Below are records with pictures. Transcribe exactly, and only, the lines from the line with "Subcorneal Neutrophilic Pustule" to the line with "Neonatal Reflexes Dnb Pediatrics", both ends included, but not the pictures.

___ Data supplied

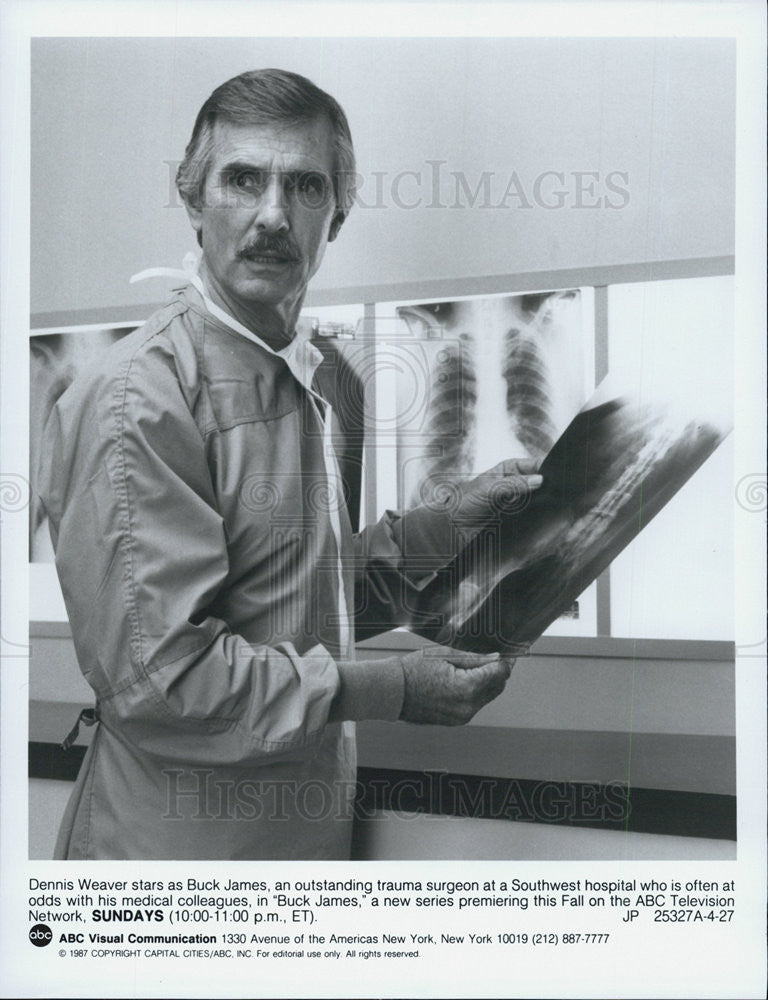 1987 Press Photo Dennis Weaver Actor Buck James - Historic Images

______
___ Data supplied

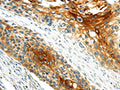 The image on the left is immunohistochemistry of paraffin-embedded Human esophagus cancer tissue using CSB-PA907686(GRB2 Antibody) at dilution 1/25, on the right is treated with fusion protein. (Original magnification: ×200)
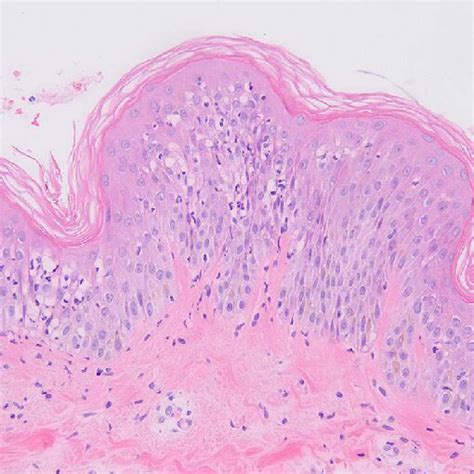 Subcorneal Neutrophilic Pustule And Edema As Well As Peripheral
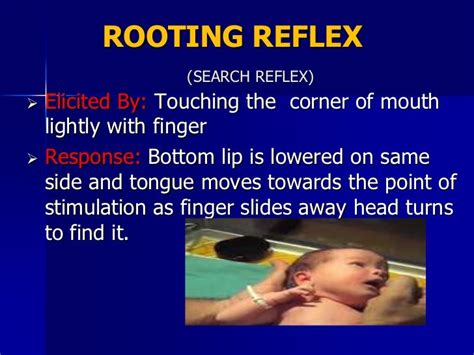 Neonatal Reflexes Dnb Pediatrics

______
___ Data supplied

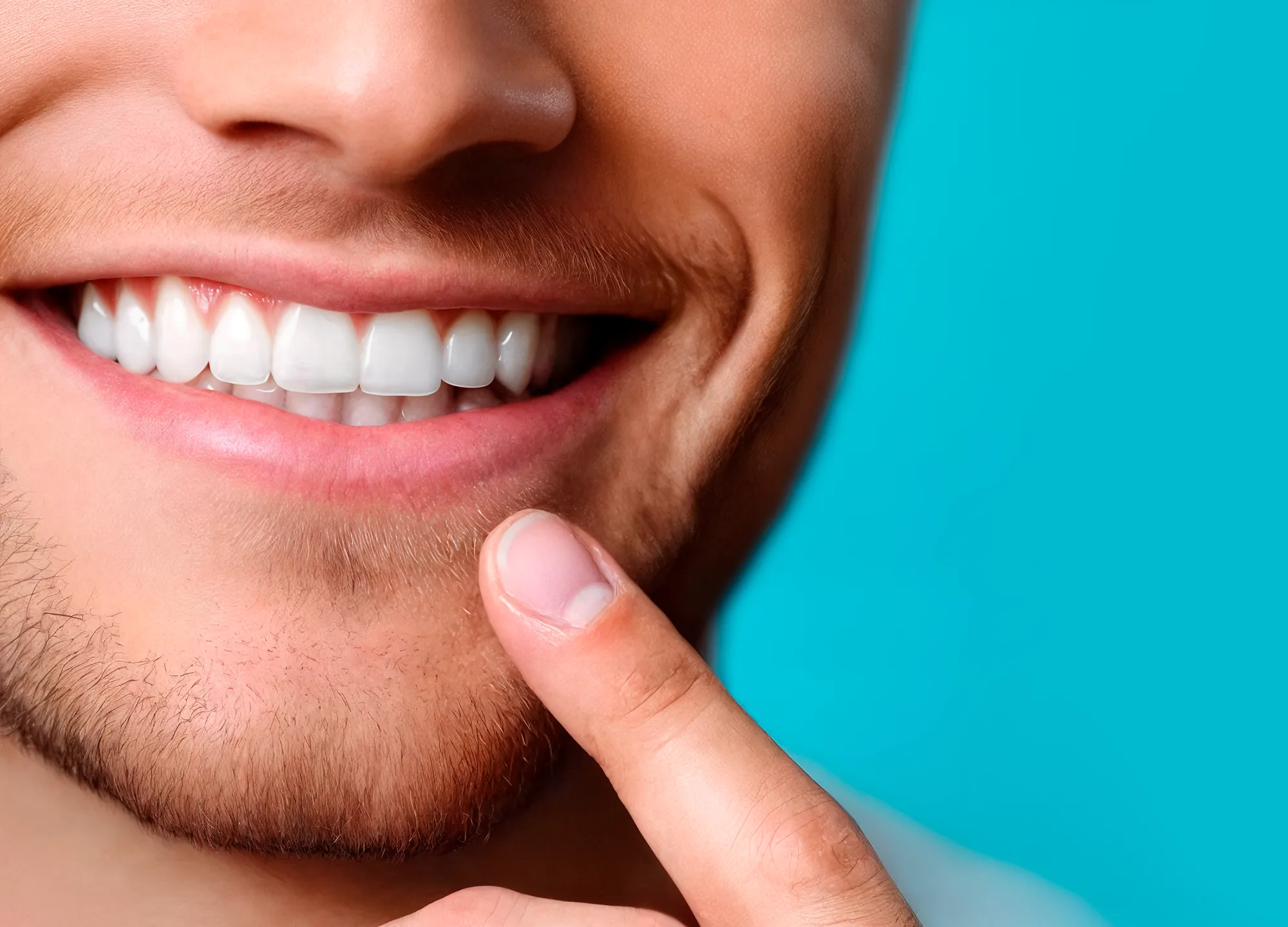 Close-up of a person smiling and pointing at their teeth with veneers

______

# Answer to the exercise
 Subcorneal Neutrophilic Pustule And Edema As Well As Peripheral
 Neonatal Reflexes Dnb Pediatrics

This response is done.